That matters because the range is not trying to seduce shoppers with lace for lace’s sake. It is built as a solution system, with lines such as Body Invisibles and Body Sculpt aimed at the daily reality of getting dressed, layering, moving and, eventually, wanting the bra off. M&S says customer research found that 99% of women prioritise comfort, 89% want lingerie that boosts confidence, 68% cannot wait to take their bra off at the end of the day and 45% do not believe stylish underwear should cost more. BODY reads like a response to that mood shift, where lingerie has to disappear under clothes, work harder in the wardrobe and still feel considered.
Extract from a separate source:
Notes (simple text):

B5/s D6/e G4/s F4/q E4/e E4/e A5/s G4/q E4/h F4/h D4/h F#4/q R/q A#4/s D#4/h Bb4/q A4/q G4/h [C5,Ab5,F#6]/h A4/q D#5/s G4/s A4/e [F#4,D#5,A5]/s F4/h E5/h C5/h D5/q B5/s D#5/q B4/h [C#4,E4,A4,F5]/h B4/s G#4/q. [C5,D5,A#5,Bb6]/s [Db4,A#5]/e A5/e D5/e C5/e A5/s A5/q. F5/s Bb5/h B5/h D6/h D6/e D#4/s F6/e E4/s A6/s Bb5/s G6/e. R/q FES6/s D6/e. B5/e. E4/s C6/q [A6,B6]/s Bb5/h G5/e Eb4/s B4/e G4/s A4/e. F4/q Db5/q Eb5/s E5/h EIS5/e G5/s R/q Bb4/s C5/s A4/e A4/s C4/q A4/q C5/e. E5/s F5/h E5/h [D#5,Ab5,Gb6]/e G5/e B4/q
The retailer has the numbers to make that argument with force. One in three UK women buys her knickers at M&S, and the company says a bra is sold every two seconds. In 2024, bra market share reached a record 38.2%, with bra sales up 5% and knicker sales up 3%. M&S also sold 21 million bras in 2022 and said it fitted more than 900,000 customers a year, a scale that helps explain why the chain can credibly position itself as a fit authority rather than just another high-street label chasing trends.

AI-generated illustration
AI-generated illustration

There is also a neat sense of continuity to the launch. M&S opened its Drapery department, which included lingerie, in 1926, and the oldest bra in its archive dates from the late 1920s. BODY packages that history for a customer who wants modern ease, not museum language: a contemporary aesthetic, performance-minded construction and enough price accessibility to keep the proposition grounded.
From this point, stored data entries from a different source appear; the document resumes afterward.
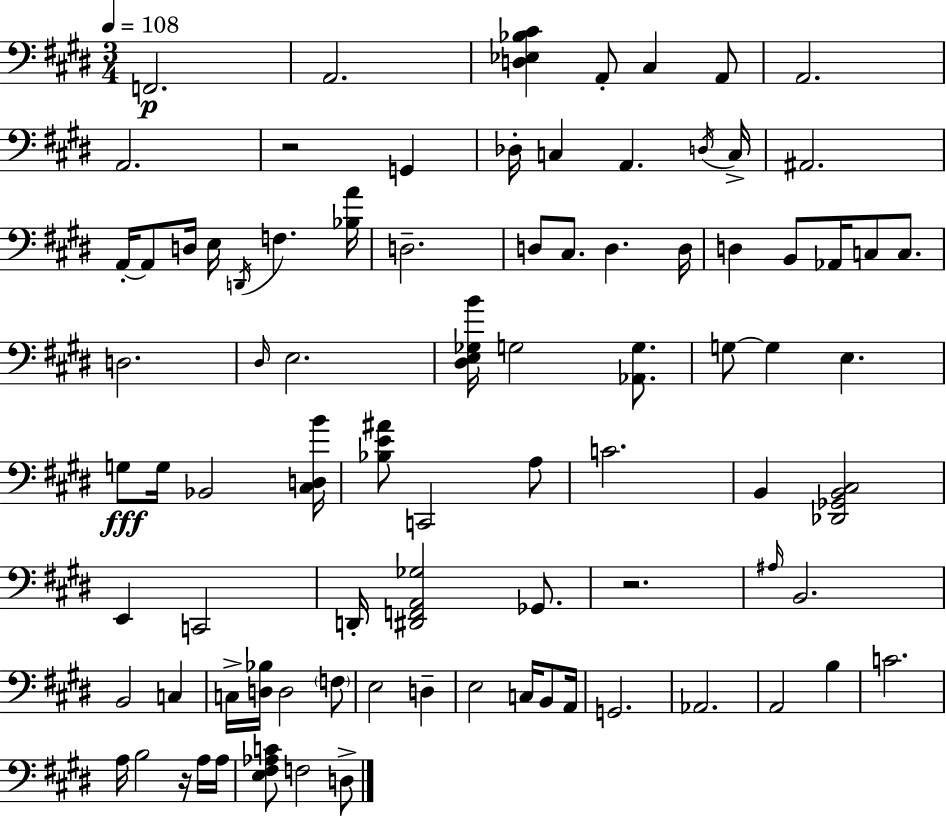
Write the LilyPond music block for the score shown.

{
  \clef bass
  \numericTimeSignature
  \time 3/4
  \key e \major
  \tempo 4 = 108
  f,2.\p | a,2. | <d ees bes cis'>4 a,8-. cis4 a,8 | a,2. | \break a,2. | r2 g,4 | des16-. c4 a,4. \acciaccatura { d16 } | c16-> ais,2. | \break a,16-.~~ a,8 d16 e16 \acciaccatura { d,16 } f4. | <bes a'>16 d2.-- | d8 cis8. d4. | d16 d4 b,8 aes,16 c8 c8. | \break d2. | \grace { dis16 } e2. | <dis e ges b'>16 g2 | <aes, g>8. g8~~ g4 e4. | \break g8\fff g16 bes,2 | <cis d b'>16 <bes e' ais'>8 c,2 | a8 c'2. | b,4 <des, ges, b, cis>2 | \break e,4 c,2 | d,16-. <dis, f, a, ges>2 | ges,8. r2. | \grace { ais16 } b,2. | \break b,2 | c4 c16-> <d bes>16 d2 | \parenthesize f8 e2 | d4-- e2 | \break c16 b,8 a,16 g,2. | aes,2. | a,2 | b4 c'2. | \break a16 b2 | r16 a16 a16 <e fis aes c'>8 f2 | d8-> \bar "|."
}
The collection also slots into a broader fashion strategy at M&S, where underwear is being treated as a growth engine rather than a side business. The brand now has more than 100 third-party partners on Brands at M&S, and in 2025 it added Calvin Klein and Tommy Hilfiger underwear, lingerie, loungewear and swimwear to its online platform. BODY is the homegrown answer to that move, proof that M&S wants to own the everyday underlayer as decisively as it owns value. In a market that now prizes comfort, inclusivity and function, that is exactly where the smart money is being placed.